People who live in certain urban areas know this flow well: Once families have children old enough to enter kindergarten, they pack up and move to an area with a public school district that has a better reputation than the one where they currently live.

Trulia, a real estate website, attempted to track this tendency in a recent, fascinating blog post. Using 2010 U.S. Census Bureau data, the company compared the number of children ages 0 to 4 with the number of 5-to-9-year-olds living in every school district in the country.

The website suggests that if a school district is as attractive to parents of young children as it is to parents of elementary school-age children, the numbers of children in these two groups should be fairly equal, resulting in a ratio of 1. (Nationally, the blog post notes, the ratio is 1.01.) A ratio below 1 suggests that families are moving out of a given district, and a ratio above 1 suggests that families with elementary-age kids are moving into an area.

Trulia noted that districts with a ratio above 1 tend to have schools with higher GreatSchools rankings (and to find out more about how the GreatSchools site functions and where it gets its statistics, check out my article from April about the ratings website and its mission).

The 1-plus districts also tend to be less dense, and more affordable—though there were several pricey districts that also attracted families with school-age children.

I encourage you to read the whole post, but based on Trulia's methodology, the country's most desirable school district is Saratoga Union School District, a K-8 district of about 2,100 students in the San Francisco Bay area. The district has 2.38 elementary school students for every preschool student. Other highly desirable districts included Lovejoy Independent School District in suburban Dallas, and Cold Spring Harbor Central School District, in Suffolk County, N.Y.

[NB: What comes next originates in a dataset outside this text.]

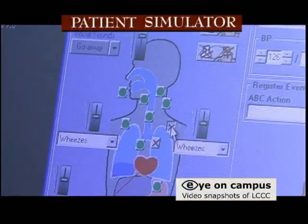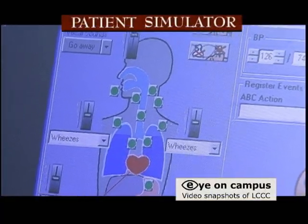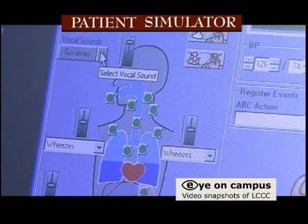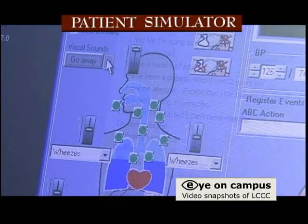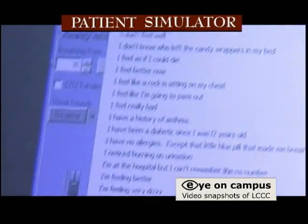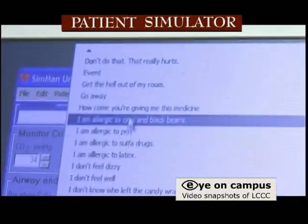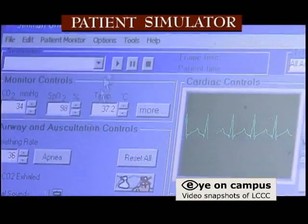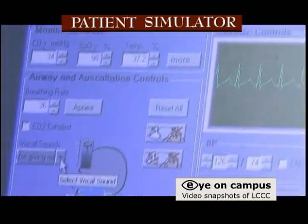A patient simulator is a computerized patient, and it allows us to have a patient that breathes and talks and does things for the students to practice.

In contrast, the 2,000-student Hoboken Schools in New Jersey has 39 elementary school students for every 100 preschool students, suggesting a flow of youngsters away from the district. Its ratio was the lowest among the districts exhibiting this trend. Other school districts with low ratios include Orchard Elementary School District in the San Francisco area, and Edgewater School District in New Jersey.

Trulia goes on to note that big-city districts were not on the lists of either most- or least-favored districts. Some of the reasons this might be so, according to the blog post:

While the ratios are less than 1 for New York City (.91), Los Angeles Unified (.93), and Chicago (.89), they lose fewer school-age kids than Hoboken, Sunnyvale, Alexandria, and Cambridge. Why? One reason is that big-city districts often have big variations of school quality within them, including selective or magnet schools with strong reputations, which keep some families within the district. Another is that plenty of rich families in big cities send their kids to private school and don't need to move for better public schools. Finally, big cities have a disproportionate share of poorer families who rely on public transportation and other urban public services and therefore might not move to the suburbs that offer worse public services.